En síntesis, la diferencia fundamental entre la concertación de políticas educativas y las alternativas del mercado, por un lado, o del fundamentalismo autoritario por el otro, radica en el papel que se asigne a la dimensión política. Apelar a la concertación implica resguardar la esfera de la política en la toma de decisiones, ya que obliga a cada actor social a discutir y a negociar públicamente sus opciones educativas. El mercado, en cambio, suprime la política y deja la toma de decisiones librada al resultado de determinaciones individuales, en función de intereses y de posibilidades particulares y de corto plazo. El fundamentalismo autoritario, a su vez, elimina la política porque deja todo el poder en manos de un solo actor social. El gran interrogante que abre esta discusión consiste en saber si la política tiene o tendrá la fuerza suficiente como para contrarrestar el peso de las tendencias propias de los intereses económicos.

Destacar la relevancia de la dimensión política frente a las alternativas fundamentalistas de mercado o autoritarias, abre la discusión sobre las características de la política en el nuevo capitalismo en general, y en América Latina en particular. En ese sentido, la paradoja radica en que las mayores demandas que se presentan al comportamiento político están acompañadas por una importante erosión de las instituciones del Estado para satisfacer las demandas sociales y las de los partidos políticos como organizaciones representativas de la ciudadanía. Desde un punto de vista general, el proceso de globalización ha puesto en crisis las instituciones del Estado-nación, y ha provocado la pérdida de capacidad de control democrático sobre un conjunto de decisiones políticas.

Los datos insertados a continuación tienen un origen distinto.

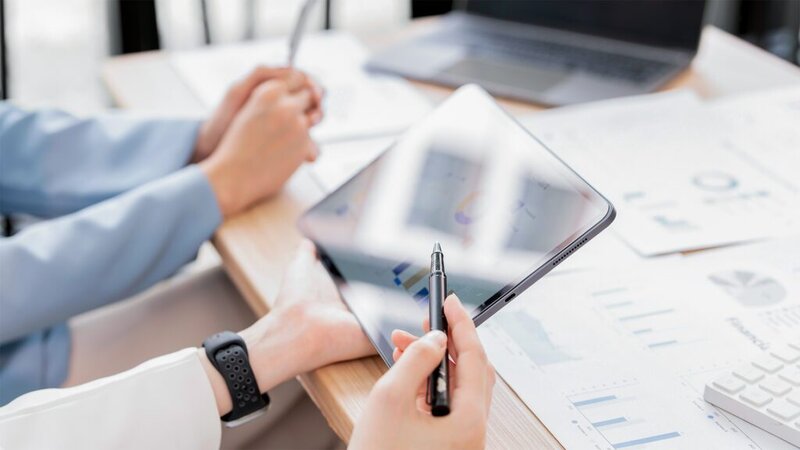 Zwei Personen, die vor einem Tablet sitzen und Statistiken zum Energieverbrauch angucken.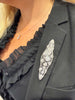Edwardian navette-shaped brooch with 9 European-cut bezel  diamonds and delicate openwork. on model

Ulrich Beck ha analizado la dinámica del poder mundial y ha llamado la atención sobre el déficit de institucionalidad política capaz de enfrentar los fenómenos de la mundialización. Toda la institucionalidad política está basada en la idea del Estado-nación, y sólo de forma muy precaria aparecen mecanismos institucionales capaces de articular discusiones de carácter mundial. Eso implica que muchas decisiones se adoptan sin discusión y sin procesos de concertación real, porque no existen dispositivos políticos capaces de garantizar procesos democráticos en la toma de decisiones fuera del ámbito del Estado-nación. Los campos donde se pone de manifiesto este déficit institucional de manera más visible son los económico-financieros y los vinculados con riesgos globales tales como el cuidado del medio ambiente, el terrorismo internacional, el narcotráfico, etc. Sin embargo, cada vez más aparecen decisiones de impacto educativo y cultural que no están sujetas a procesos de concertación. En la medida en que la producción cultural se industrializa, las decisiones en esta área se asimilan a resoluciones económicas. Así es como la creciente oferta educativa virtual y las decisiones empresarias sobre software educativo, por ejemplo, se van alejando cada vez más de los procesos de concertación de tipo nacional.

En el caso de algunos países de América Latina, es preciso recordar que la globalización fue concomitante con la superación del autoritarismo y con el retorno al Estado de Derecho. Si bien la heterogeneidad de situaciones nacionales es muy grande, se puede sostener que, salvo casos especiales, los procesos de retorno a la democracia estuvieron asociados con reformas del Estado que provocaron su creciente incapacidad para responder a las demandas sociales. Con la pérdida de instrumentos para responder a las nuevas y a las tradicionales demandas, se ha extendido un sentimiento general de escepticismo acerca de la potencialidad de la democracia para resolver los problemas sociales. Uno de los indicadores más importantes de este clima es la desconfianza de la ciudadanía con respecto a las instituciones del Estado, hacia los otros actores sociales y hacia el propio sistema democrático. La desconfianza, además, ha alcanzado a las instituciones y a los actores sociales responsables de la transmisión del patrimonio cultural y de la cohesión social. En encuestas a muestras representativas de docentes de varios países se ha podido apreciar que los dirigentes políticos son el grupo social sobre el cual los docentes tienen mayores niveles de desconfianza (que alcanzan entre el 70% y el 80% en todos los casos estudiados). La politización es percibida como negativa en la medida en que está asociada a corrupción, a clientelismo, etc. Pero tampoco gozan de confianza otros actores sociales importantes (empresarios, dirigentes sindicales, etc.).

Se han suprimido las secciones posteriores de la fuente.